Re^10: Any good ways to handle NARROW NO-BREAK SPACE characters in regex in newer versions of Perl?
by Corion (Patriarch) on Aug 13, 2024 at 17:39 UTC

    Why do you use literals in your source code?

    You have the UTF-8 in your source code:

    my $blah = "Screenshot-2024-02-23-at-1.05.14 AM.png";

    ... but you never tell Perl that your source code should be seen as utf8.

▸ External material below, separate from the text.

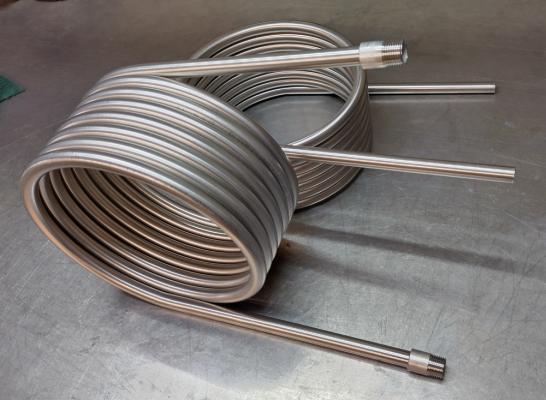 Edelstahlspirale - Ø 25 cm - 6 Meter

    Don't use UTF-8 in your source code unless you also tell Perl about it.

    Also, you will have noted already that your regular expression matches on the decoded filename.

      PerlMonks website added them in. I just forgot to delete them. But they are narrow non-breaking space characters.

      $PM = "Perl Monk's";
      $MC = "Most Clueless Friar Abbot Bishop Pontiff Deacon Curate Priest Vicar Parson";
      $nysus = $PM . ' ' . $MC;
      Click here if you love Perl Monks

        Yes, but they are what I mean by "literals". If you have any byte above 127 in your source code, you need to tell Perl what encoding your source code is in if it is not Latin-1.

        You have something that is UTF-8, but you are not telling Perl that your source code contains UTF-8.